Ze lopen en ze zijn vol vreugde zoals de magiërs die de ster terugvinden (Mt 2,10), of zoals wie die de schat ontdekt (Mt 13,44). En ze lopen : ze staan te popelen om de vreugde die haar vervult mee te delen. De opstanding van Jezus is de zekerheid van de overwinning op de dood, de verzekering van haar eigen opstanding. Ze lopen, ze kunnen niet wachten om haar vreugde uit te dragen. Dat we bij onze dood niet in het niets zullen vallen, is een goed nieuws dat we niet voor ons kunnen houden : we moeten het kwijt overal rondom ons !

Maar let op, neem een stap terug. Het lege graf is geen “bewijs” van de opstanding. Mattheüs wijst erop door te herinneren aan de kwaadaardige thesis dat het lijk gestolen zou geweest zijn (Mt 28,11-15). Laten we meteen een misverstand over de opstanding opruimen. Jezus’ verrijzenis betekent Gods overwinning op de krachten van de dood, en niet de reanimatie van een lichaam, zoals de reanimatie van Lazarus (Jo 11,43-44). De evangelist symboliseert deze beslissende overwinning over de dood, door de afdaling van de engel die de steen van het graf wegrolt, en hem immobiliseert door erop te gaan zitten (v.2) : de dood kan zijn prooien niet meer bewaren, hij is definitief overwonnen ! Maar dit symbool stelt niet de opstanding van Jezus voor, die een feit is dat ontsnapt aan alle waarneembare voorstelling.
Aan de Korinthiërs die zich afvroegen wat de verrijzenis is, heeft Paulus het duidelijk uitgelegd. De opstanding is een transformatie. Bij zijn dood, gaat de mens over van zichtbare aardse wereld naar de onzichtbare wereld van God, “van psychisch wordt hij spiritueel” (1Kor 15,35-48).

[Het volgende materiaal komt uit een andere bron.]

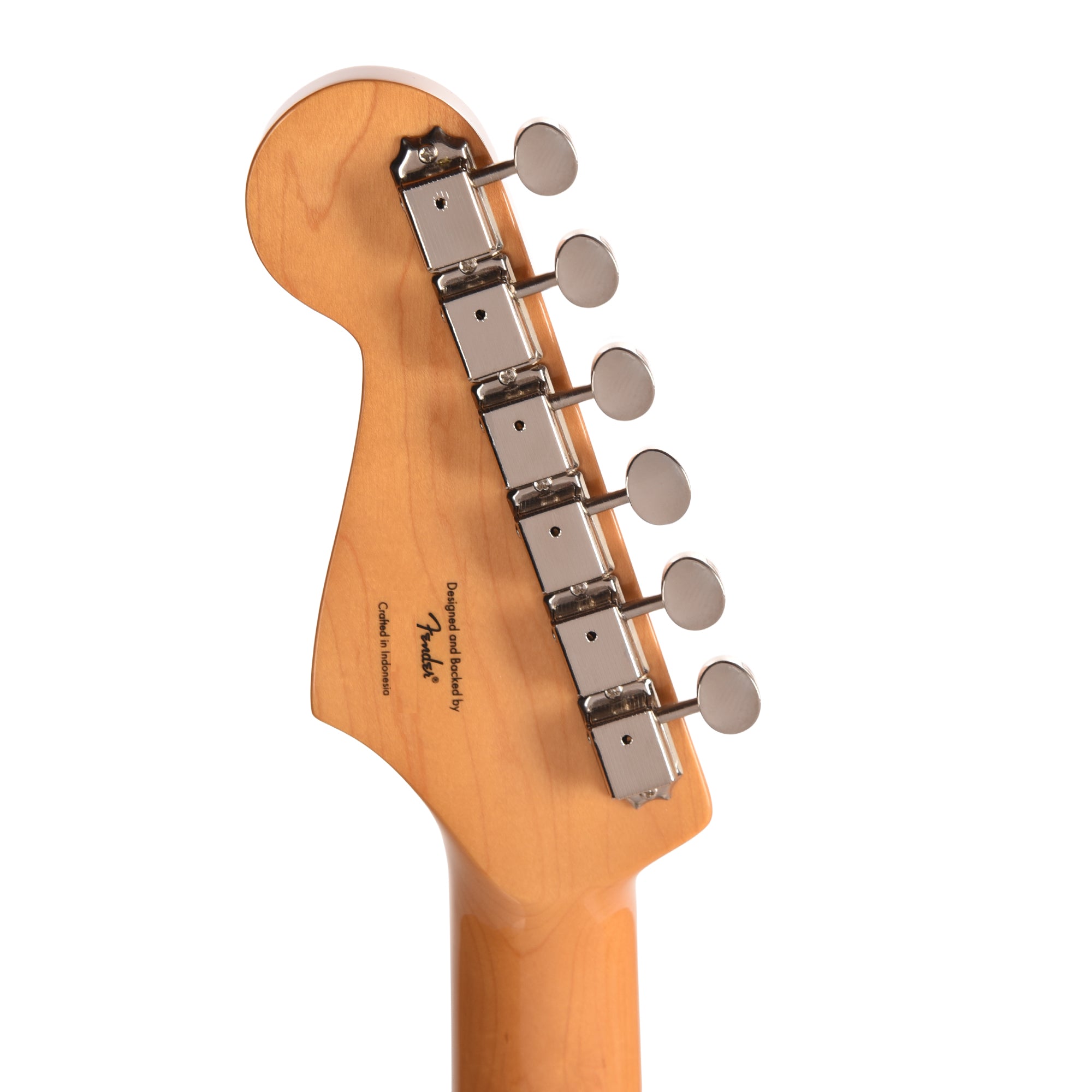 Squier Classic Vibe Duo-Sonic HS Lake Placid Blue Electric Guitars / Solid Body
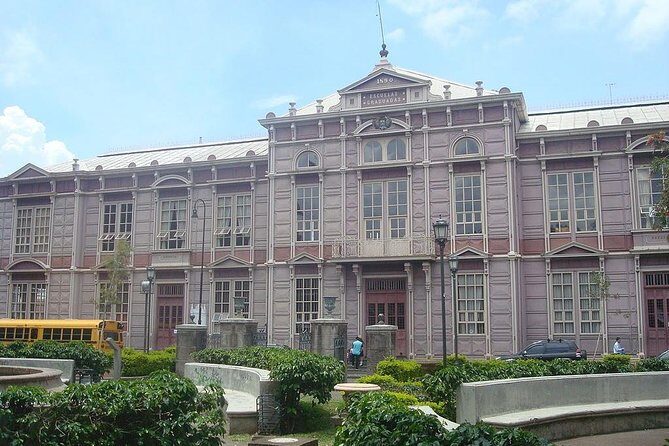 Best of San José City Tour - Who Should Consider This Tour?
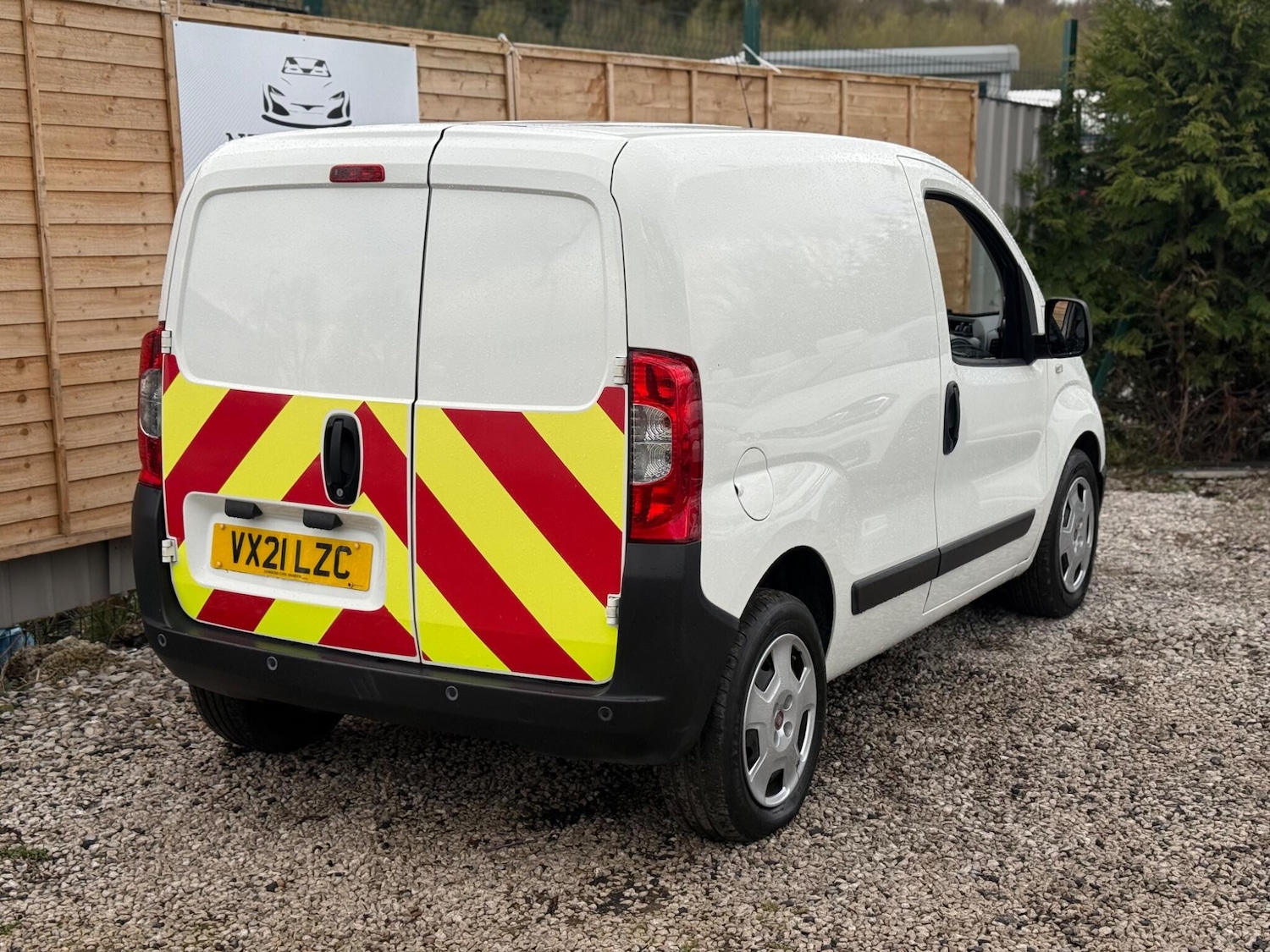 Used Fiat Fiorino for sale - 78128167: Photo 17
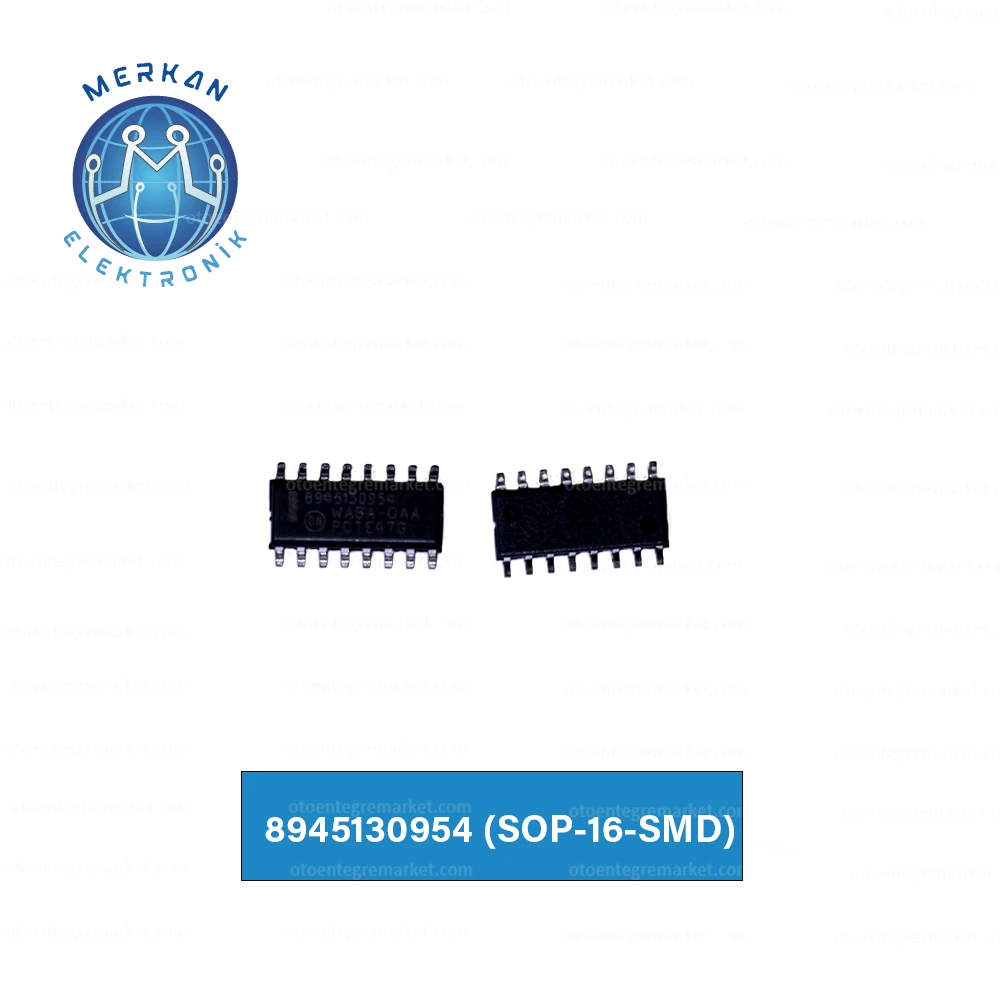 8945130954 (SOP-16-SMD)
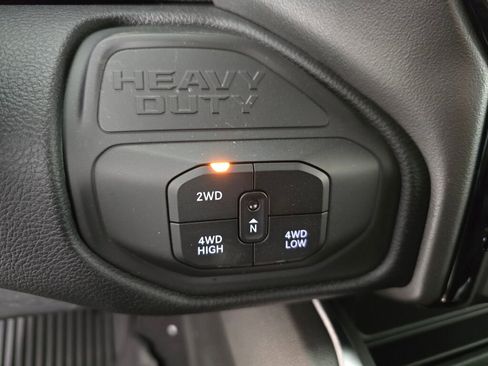 New 2026 RAM 2500 Big Horn image 20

Daarom zegt Johannes dat Jezus’ dood zijn verrijzenis is : geheven op het kruis is hij verheven ten hemel (Wanneer ik van de aarde verheven ben, zal ik allen tot mij trekken, 12,32).
Daarom moeten de vrouwen vertrouwen schenken aan wat de engel zegt, want Jezus, die zien ze niet. Het is pas wanneer zij de haar toevertrouwde zending volbrengen, en dat zij snellen om het goede nieuws aan de discipelen te melden, dat Jezus zich laat zien om te preciseren dat de ontmoeting in Galilea plaats zal vinden (v.10).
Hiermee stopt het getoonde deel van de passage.